Fix 6: Delegate to Cheaper Models
Our Opus agent was doing everything — reading files, writing code, running tests. Now it follows a strict coordinator pattern: 1. Opus talks to the user and makes decisions (2-3 turns) 2. Sonnet/Haiku sub-agents do the actual work (6-10 turns at 5-25x lower cost) 3. Sub-agent results come back as a single tool response The key system prompt instruction that enforces this:
> *Every tool call you make costs money on Opus 4.6. Do NOT read files to explore before delegating. Tell the sub-agent WHERE the files are and let THEM read it on a cheaper model.* We also downgraded all cron jobs from Opus to Fleet Sonnet or Fleet Haiku. A cron job that checks for new issues doesn't need Opus-level reasoning.
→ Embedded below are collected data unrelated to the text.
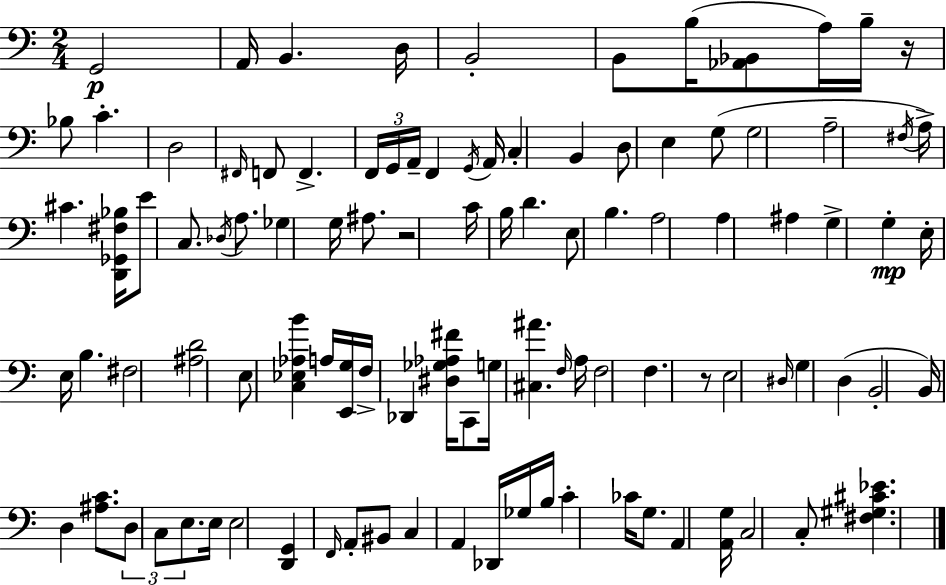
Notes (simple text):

G2/h A2/s B2/q. D3/s B2/h B2/e B3/s [Ab2,Bb2]/e A3/s B3/s R/s Bb3/e C4/q. D3/h F#2/s F2/e F2/q. F2/s G2/s A2/s F2/q G2/s A2/s C3/q B2/q D3/e E3/q G3/e G3/h A3/h F#3/s A3/s C#4/q. [D2,Gb2,F#3,Bb3]/s E4/e C3/e. Db3/s A3/e. Gb3/q G3/s A#3/e. R/h C4/s B3/s D4/q. E3/e B3/q. A3/h A3/q A#3/q G3/q G3/q E3/s E3/s B3/q. F#3/h [A#3,D4]/h E3/e [C3,Eb3,Ab3,B4]/q A3/s [E2,G3]/s F3/s Db2/q [D#3,Gb3,Ab3,F#4]/s C2/e G3/s [C#3,A#4]/q. F3/s A3/s F3/h F3/q. R/e E3/h D#3/s G3/q D3/q B2/h B2/s D3/q [A#3,C4]/e. D3/e C3/e E3/e. E3/s E3/h [D2,G2]/q F2/s A2/e BIS2/e C3/q A2/q Db2/s Gb3/s B3/s C4/q CES4/s G3/e. A2/q [A2,G3]/s C3/h C3/e [F#3,G#3,C#4,Eb4]/q.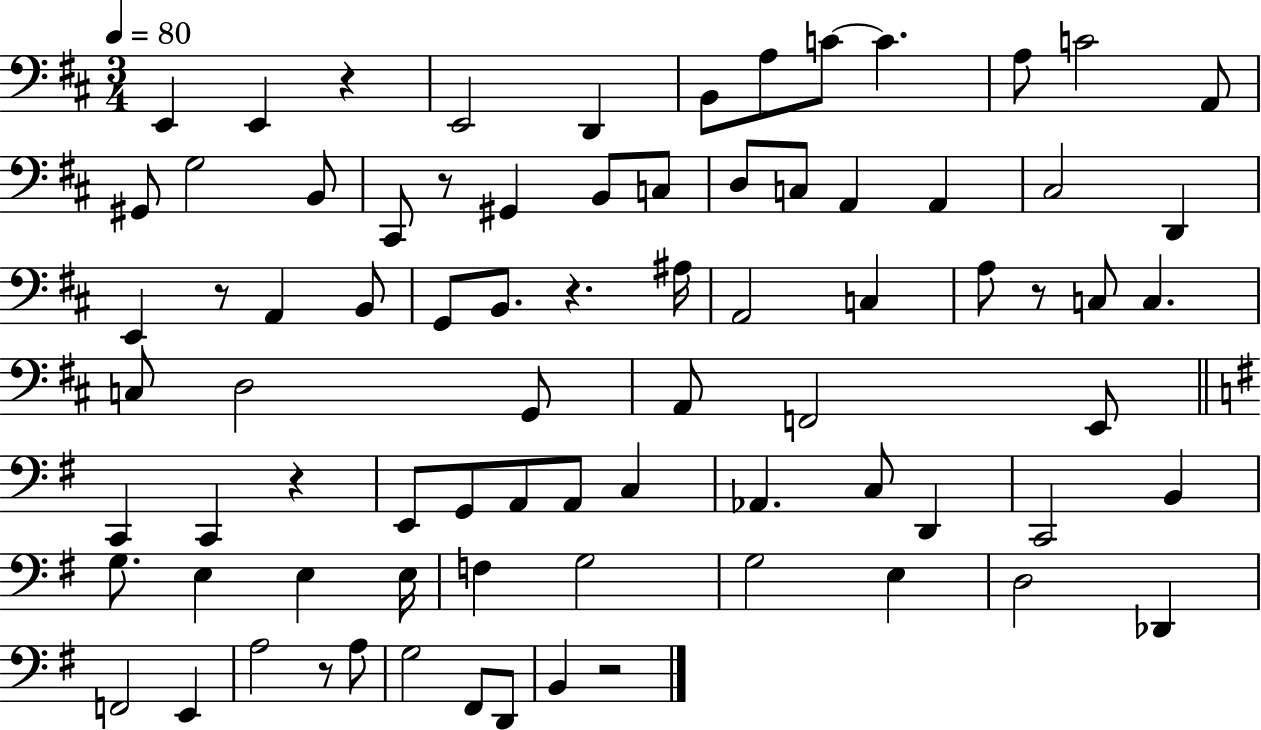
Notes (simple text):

E2/q E2/q R/q E2/h D2/q B2/e A3/e C4/e C4/q. A3/e C4/h A2/e G#2/e G3/h B2/e C#2/e R/e G#2/q B2/e C3/e D3/e C3/e A2/q A2/q C#3/h D2/q E2/q R/e A2/q B2/e G2/e B2/e. R/q. A#3/s A2/h C3/q A3/e R/e C3/e C3/q. C3/e D3/h G2/e A2/e F2/h E2/e C2/q C2/q R/q E2/e G2/e A2/e A2/e C3/q Ab2/q. C3/e D2/q C2/h B2/q G3/e. E3/q E3/q E3/s F3/q G3/h G3/h E3/q D3/h Db2/q F2/h E2/q A3/h R/e A3/e G3/h F#2/e D2/e B2/q R/h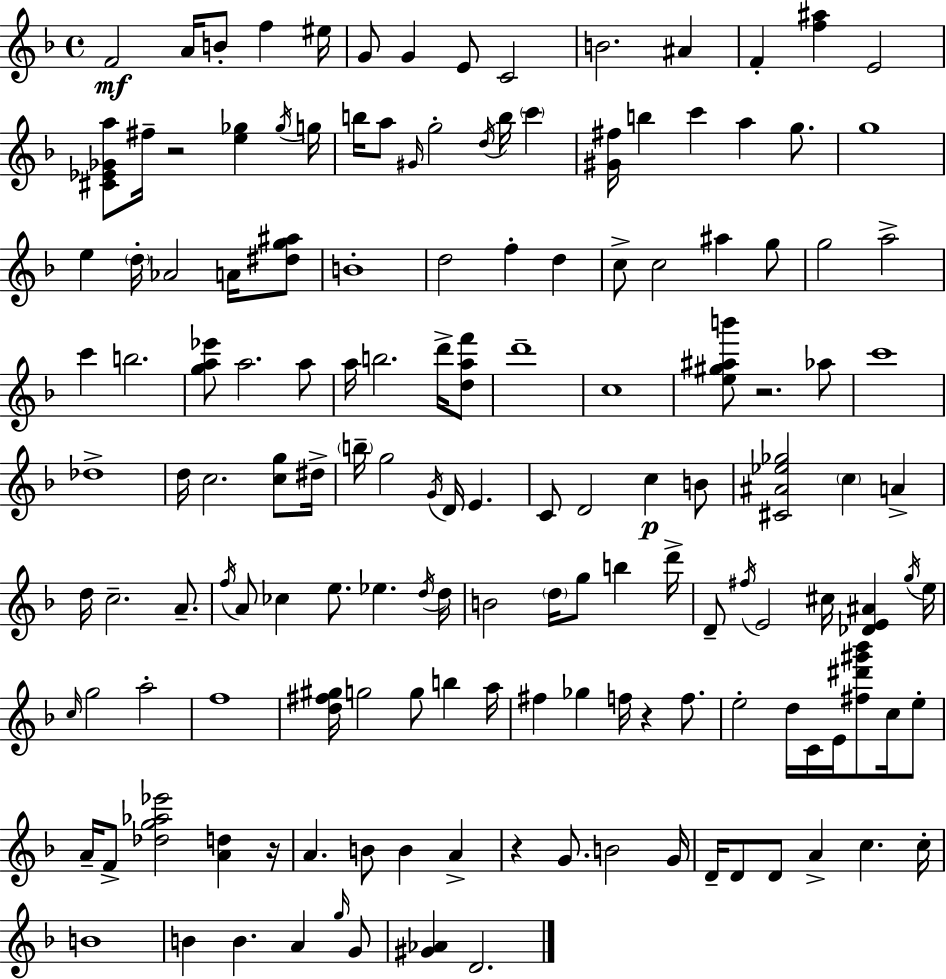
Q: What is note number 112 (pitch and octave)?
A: B4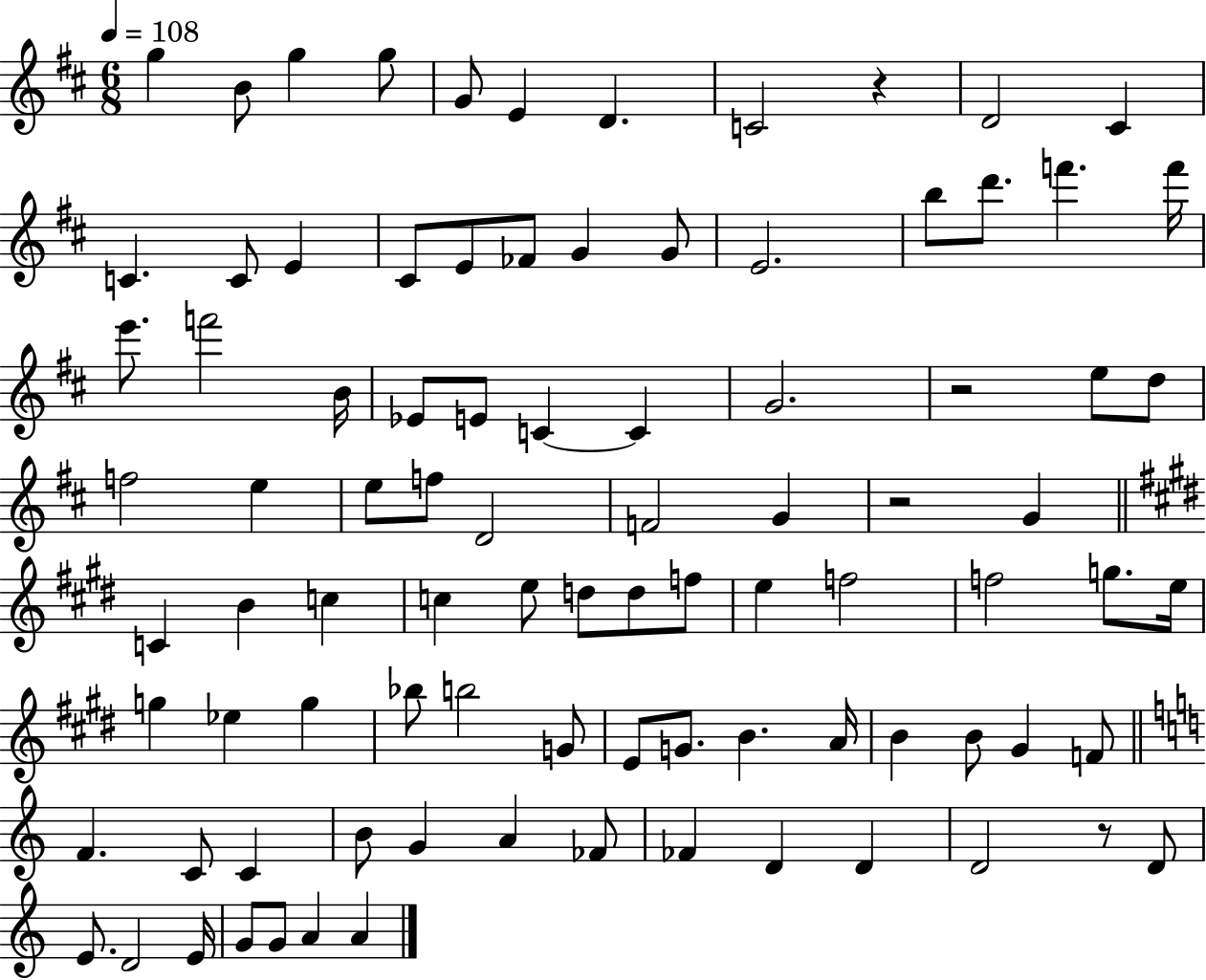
G5/q B4/e G5/q G5/e G4/e E4/q D4/q. C4/h R/q D4/h C#4/q C4/q. C4/e E4/q C#4/e E4/e FES4/e G4/q G4/e E4/h. B5/e D6/e. F6/q. F6/s E6/e. F6/h B4/s Eb4/e E4/e C4/q C4/q G4/h. R/h E5/e D5/e F5/h E5/q E5/e F5/e D4/h F4/h G4/q R/h G4/q C4/q B4/q C5/q C5/q E5/e D5/e D5/e F5/e E5/q F5/h F5/h G5/e. E5/s G5/q Eb5/q G5/q Bb5/e B5/h G4/e E4/e G4/e. B4/q. A4/s B4/q B4/e G#4/q F4/e F4/q. C4/e C4/q B4/e G4/q A4/q FES4/e FES4/q D4/q D4/q D4/h R/e D4/e E4/e. D4/h E4/s G4/e G4/e A4/q A4/q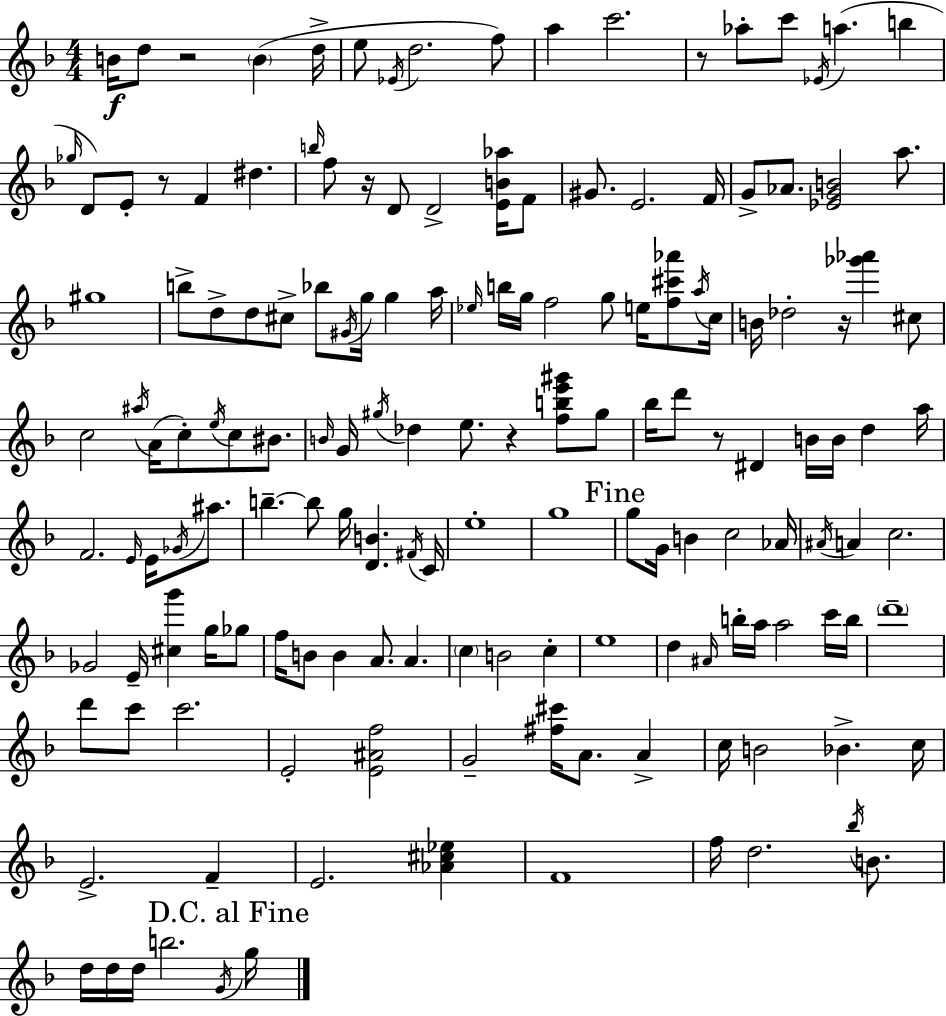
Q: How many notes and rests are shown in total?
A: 155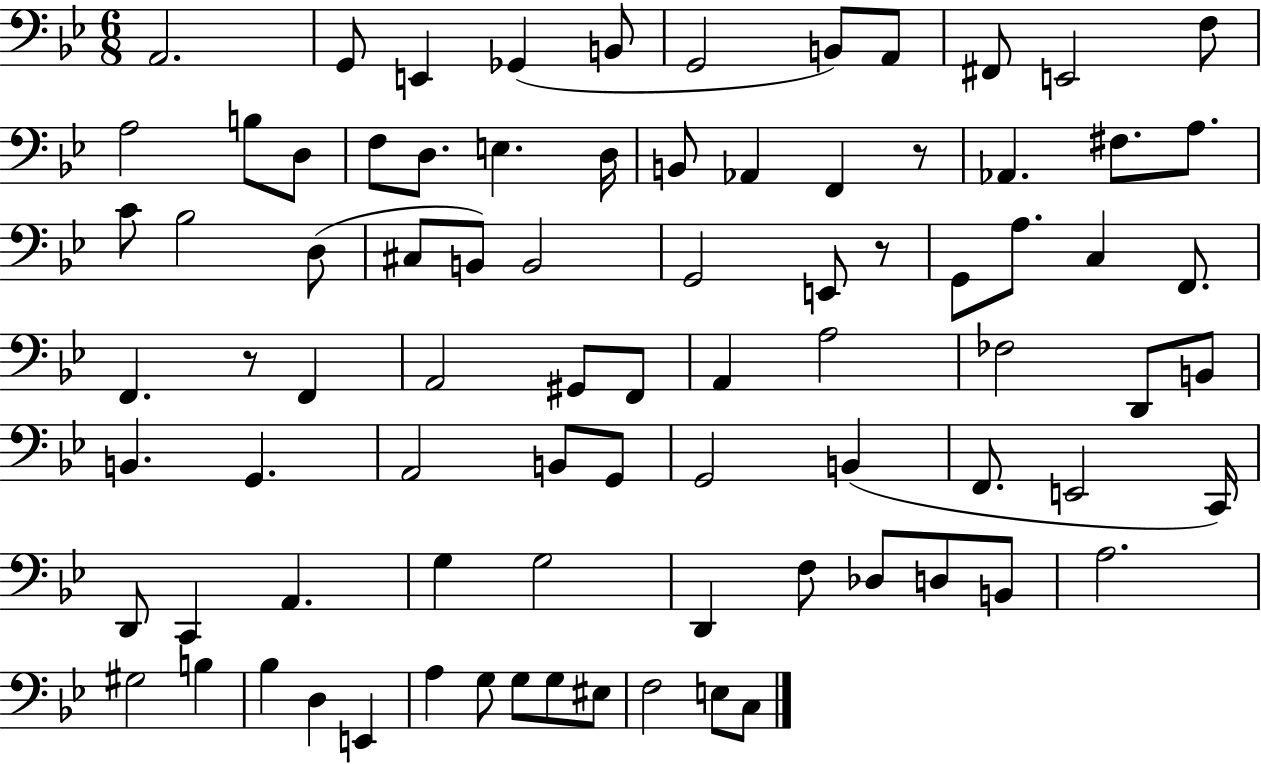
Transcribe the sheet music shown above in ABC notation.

X:1
T:Untitled
M:6/8
L:1/4
K:Bb
A,,2 G,,/2 E,, _G,, B,,/2 G,,2 B,,/2 A,,/2 ^F,,/2 E,,2 F,/2 A,2 B,/2 D,/2 F,/2 D,/2 E, D,/4 B,,/2 _A,, F,, z/2 _A,, ^F,/2 A,/2 C/2 _B,2 D,/2 ^C,/2 B,,/2 B,,2 G,,2 E,,/2 z/2 G,,/2 A,/2 C, F,,/2 F,, z/2 F,, A,,2 ^G,,/2 F,,/2 A,, A,2 _F,2 D,,/2 B,,/2 B,, G,, A,,2 B,,/2 G,,/2 G,,2 B,, F,,/2 E,,2 C,,/4 D,,/2 C,, A,, G, G,2 D,, F,/2 _D,/2 D,/2 B,,/2 A,2 ^G,2 B, _B, D, E,, A, G,/2 G,/2 G,/2 ^E,/2 F,2 E,/2 C,/2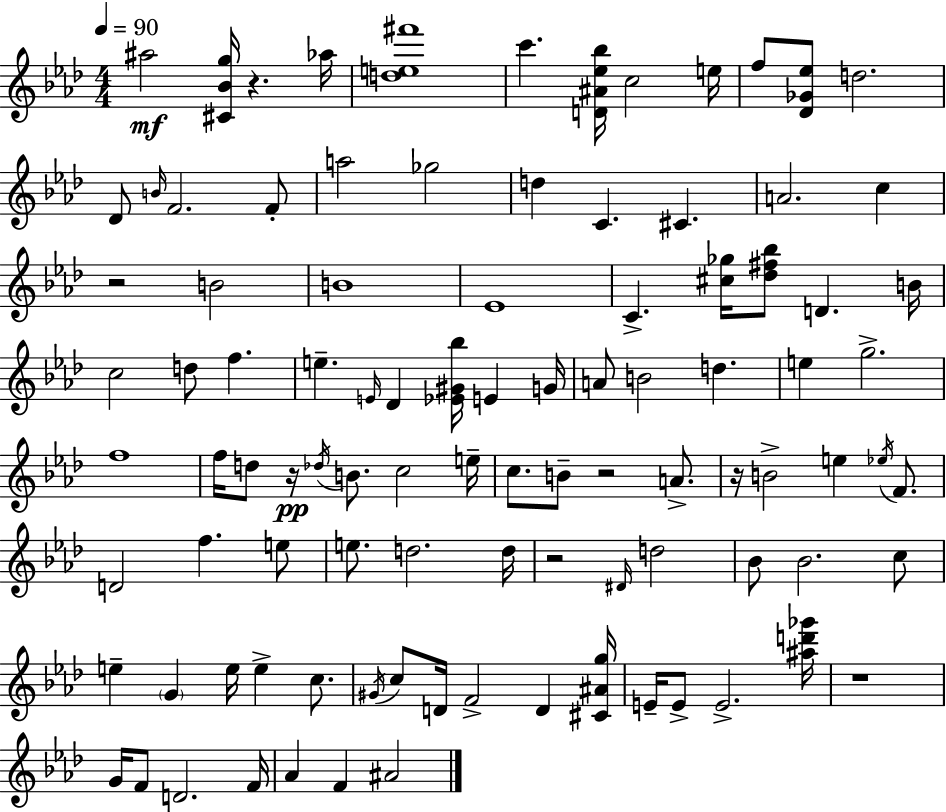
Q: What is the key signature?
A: F minor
Fix 7: Silence Cron Delivery
Cron job results were being "announced" back into the main agent's session, adding tokens to its context and sometimes triggering follow-up Opus responses. We changed delivery to write results to a shared filesystem instead:
"delivery": { "mode": "none" }Results now go to ~/.openclaw/workspace/shared/results/ where the coordinator checks them only when asked.
The Results
We tested three identical deployment tasks before and after optimization: | Task | Before | After | Cache Rebuilds | |------|--------|-------|----------------| | Tool integration A | $0.57 | — | 2 | | Tool integration B | $0.60 | — | 2 | | Tool build + deploy (post-fix) | — | $0.17 | 0 | | Baseline task | $0.83 | — | 8 exploration turns | The first task after all seven fixes cost $0.17 with zero cache rebuilds. The actual delegation (spawning a Sonnet sub-agent, waiting for results, reporting back) cost about $0.14. The sub-agent did all the work for $0.09 on Fleet Sonnet. Total session cost dropped from $2.08 (three tasks with cache rebuilds) to $0.17 (one task, clean). Extrapolating to similar workloads: roughly 80% cost reduction.
The Takeaway
If you're running OpenClaw with Opus, check these three things first — they account for 90% of our savings: 1. Is cacheRetention set to "long"? If not, you're paying 10x for system prompt caching every time there's a 5-minute gap in conversation. 2. Is your agent doing work, or coordinating work? Every file read, every code write on Opus costs 5-25x what it would on Sonnet or Haiku. 3. How big are your workspace files? Trim your system prompt and memory files to the minimum. Move reference data to a structured database or external storage. The rest — heartbeat, Discord lockdown, cron delivery, session timeout — are smaller wins that add up. But cache retention alone took us from $0.22 per cache rebuild to $0.02. That's the one change every OpenClaw operator should make today.